RBI must allow external benchmarking for deposits too: banks
Mumbai: The Reserve Bank of India (RBI) must allow deposit rates to be linked to an external benchmark if it wants to apply such a benchmark for loan rates so as to prevent asset-liability mismatches, said bankers. However, depositors’ acceptance for floating rate products may not come easy.
“It cannot be one-sided,” said Rajnish Kumar, managing director of State Bank of India (SBI). “Any change in the methodology would mean that the pricing of loan and liability product will have to move in tandem. Today, to reduce interest rate, without reducing deposit rate is not possible. And to reduce deposit rate, I have to take care of my depositors. This is a delicate balancing act which the bank does.”

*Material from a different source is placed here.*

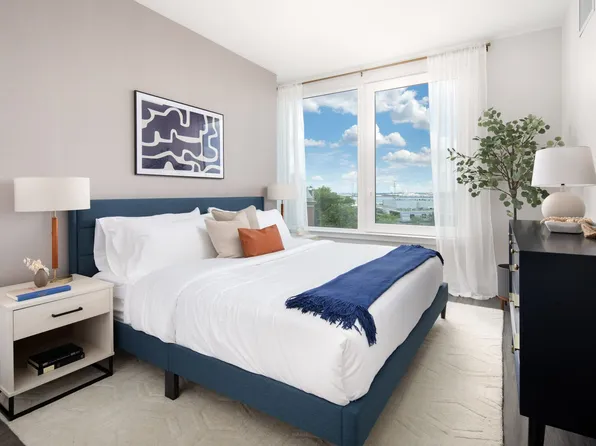 5 Bay Street image 8 of 15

Kumar has been appointed as the bank’s chairman.
A committee set up by central bank has recommended linking bank lending rates to a market benchmark in a bid to hasten monetary policy transmission as well improve transparency in rate setting by lenders.

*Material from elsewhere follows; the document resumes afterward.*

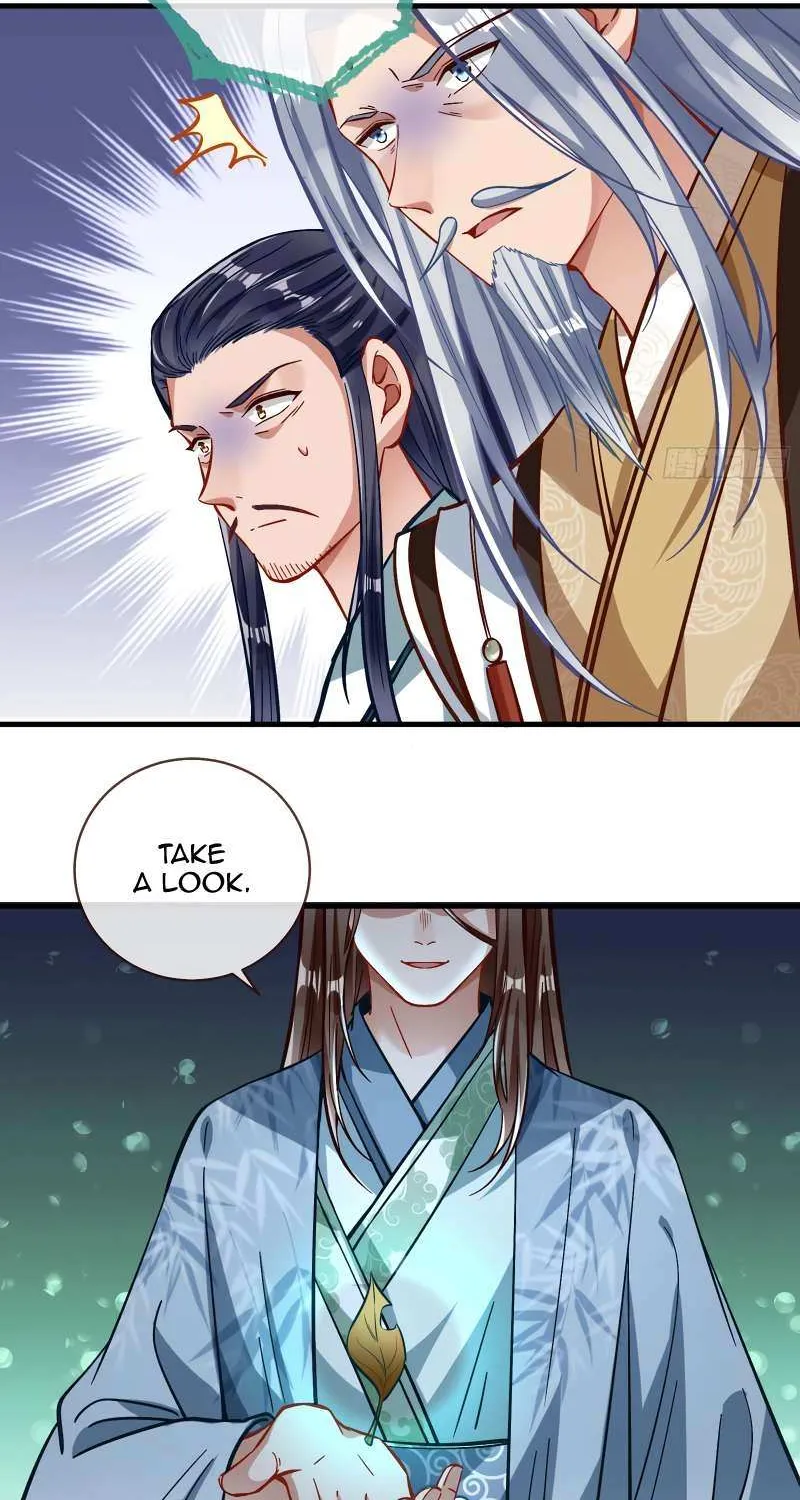 Read Cheating Men Must Die chapter 356 image 46 on Lezhin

The panel—headed by Janak Raj, principal adviser, monetary policy department—recommended that all floating rate loans advanced from April be referenced to one of three external benchmarks. The panel has suggested a risk-free curve involving rates on treasury bills, or certificate of deposits rates or the central bank’s policy repo rate.
The panel has also recommended that banks may accept deposits, especially bulk deposits, at floating rates linked directly to one of the three external benchmarks. The decision on the spread over the external benchmark should be left to the commercial judgment of banks, the panel recommended.
However, bankers said that while such floating rate deposit would be easy in case of bulk deposits, usually those above Rs1 crore, for retail deposits, especially those maturing in one to three years, customers may not be willing to accept because of quarterly resets.
The panel suggested that lending rates should be reset once every quarter, from the current practice of once a year.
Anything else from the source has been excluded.